> [Task statement] Nothing outside the range is to be copied. From the entries below, reproduce exactly the lines starting at the one with "This is how" and ending at the one with "All these are", without pictures.

> [Data listing]

────────

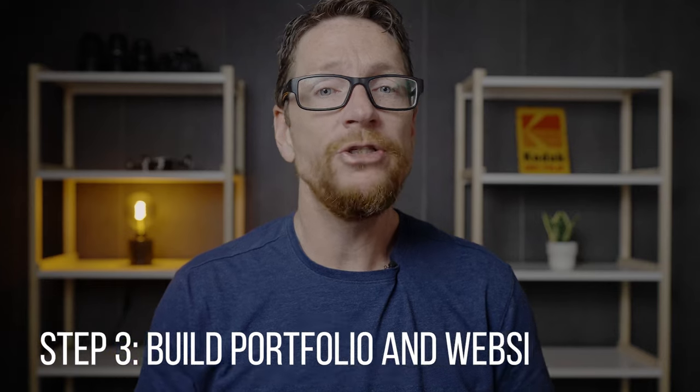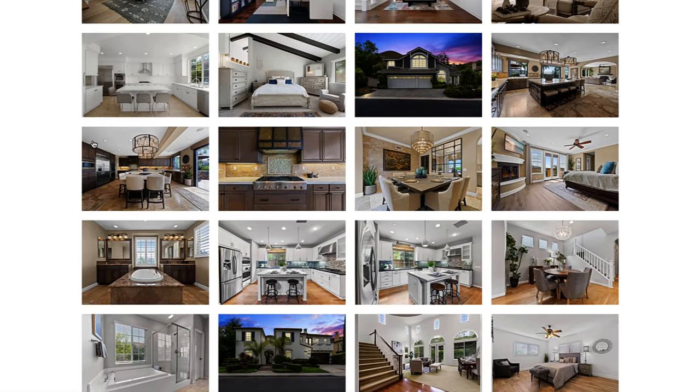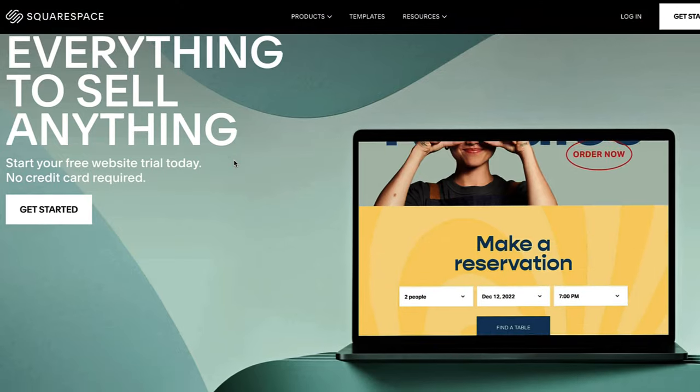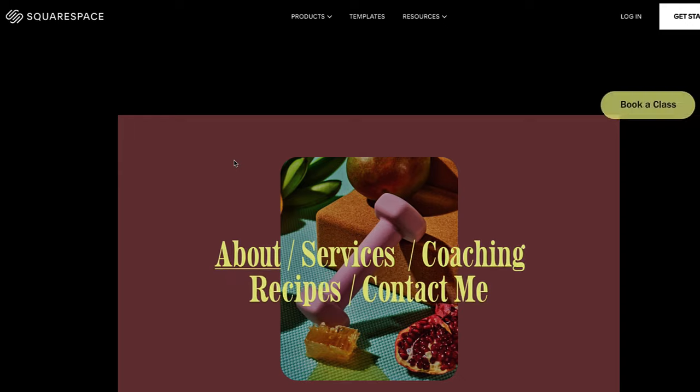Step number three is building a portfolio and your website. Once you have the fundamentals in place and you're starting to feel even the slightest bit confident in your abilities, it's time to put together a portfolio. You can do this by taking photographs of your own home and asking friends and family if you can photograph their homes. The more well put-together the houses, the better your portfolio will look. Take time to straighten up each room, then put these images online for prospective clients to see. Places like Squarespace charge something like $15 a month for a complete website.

────────

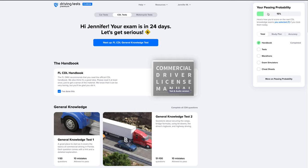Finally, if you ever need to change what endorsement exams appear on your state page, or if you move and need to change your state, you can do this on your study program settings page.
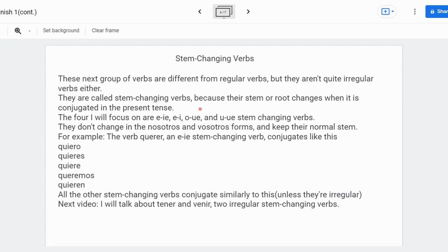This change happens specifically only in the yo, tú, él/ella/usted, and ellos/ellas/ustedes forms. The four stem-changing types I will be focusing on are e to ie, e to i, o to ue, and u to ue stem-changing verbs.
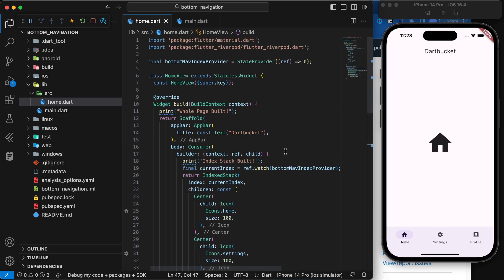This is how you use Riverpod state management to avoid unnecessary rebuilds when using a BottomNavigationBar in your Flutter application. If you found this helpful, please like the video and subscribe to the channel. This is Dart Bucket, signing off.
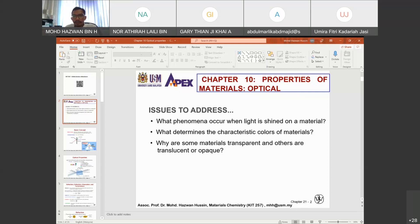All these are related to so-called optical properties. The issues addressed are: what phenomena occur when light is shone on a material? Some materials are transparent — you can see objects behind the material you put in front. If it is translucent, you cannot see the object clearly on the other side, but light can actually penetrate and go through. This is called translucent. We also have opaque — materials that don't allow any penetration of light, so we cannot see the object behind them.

────────

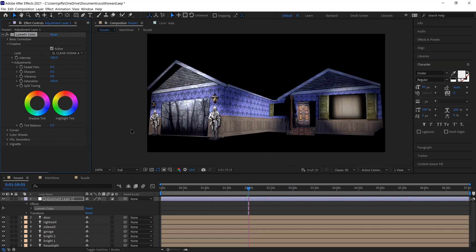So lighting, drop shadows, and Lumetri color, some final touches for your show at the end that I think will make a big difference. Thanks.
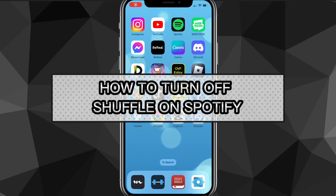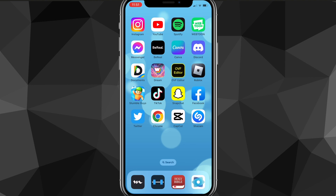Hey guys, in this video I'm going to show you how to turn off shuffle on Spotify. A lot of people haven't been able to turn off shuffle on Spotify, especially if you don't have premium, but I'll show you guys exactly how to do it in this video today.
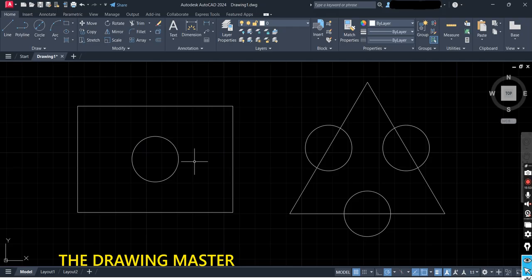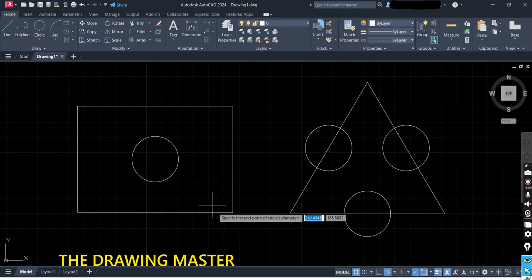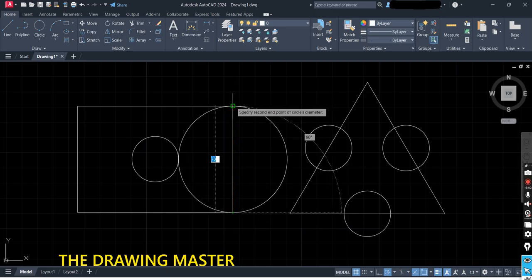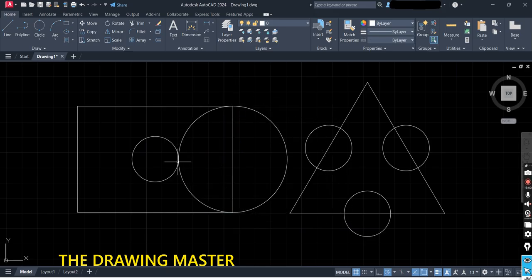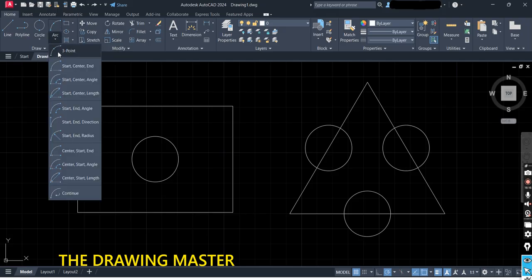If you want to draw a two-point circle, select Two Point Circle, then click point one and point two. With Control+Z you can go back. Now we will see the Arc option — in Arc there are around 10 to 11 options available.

────────

> [Reply]
This is how you use Riverpod state management to avoid unnecessary rebuilds when using a BottomNavigationBar in your Flutter application. If you found this helpful, please like the video and subscribe to the channel. This is Dart Bucket, signing off.
All these are related to so-called optical properties. The issues addressed are: what phenomena occur when light is shone on a material? Some materials are transparent — you can see objects behind the material you put in front. If it is translucent, you cannot see the object clearly on the other side, but light can actually penetrate and go through. This is called translucent. We also have opaque — materials that don't allow any penetration of light, so we cannot see the object behind them.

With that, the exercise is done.